一昨日に初日を迎えました!家、プロデューサーのコメントです。
脚本:三上陽永(ぽこぽこクラブ)
今回初めて実際にあった事件を下地に物語を創作しました。執筆の為に、専門家や関係者の方々に取材をするのも初めての経験でした。同郷で同じ高校の先輩が起こした「ある事件」と向き合う事は、決して他人事ではない恐怖と、自分の中にもある焦りや、不安、孤独、衝動と向き合う事でもありました。
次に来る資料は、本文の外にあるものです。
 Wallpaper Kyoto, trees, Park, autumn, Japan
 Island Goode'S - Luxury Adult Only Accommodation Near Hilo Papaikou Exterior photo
「三上君が本当に書きたいのは事件じゃなく、家族じゃないの?」
第一稿を読んだ日澤さんの感想を聞いて、やっと脚本の方向性が見えた気がしました。
作品は、自分にしか書けない「ある事件」のもう一つの側面を描く、加害者家族の物語になりました。我儘に書いた本を丁寧に立ち上げてくれた日澤さんを始めとする、役者、スタッフに感謝。改めて演劇が持つ人の温もりを感じました。劇場で、流れる血のあたたかさを感じて頂けたら幸いです。
演出:日澤雄介(劇団チョコレートケーキ)
今回も無事に初日を迎えられたことに安堵しております。
『流れる血、あたたかく』において、劇作家の三上陽永さんと協業できた時間はとても
豊かなモノでした。物語を立ち上げながらこの作品を通して人間の面倒臭さと愛おしさを
探求する三上さんの眼差しはとても誠実で、殺伐とした世界に一筋の光を射しこませます。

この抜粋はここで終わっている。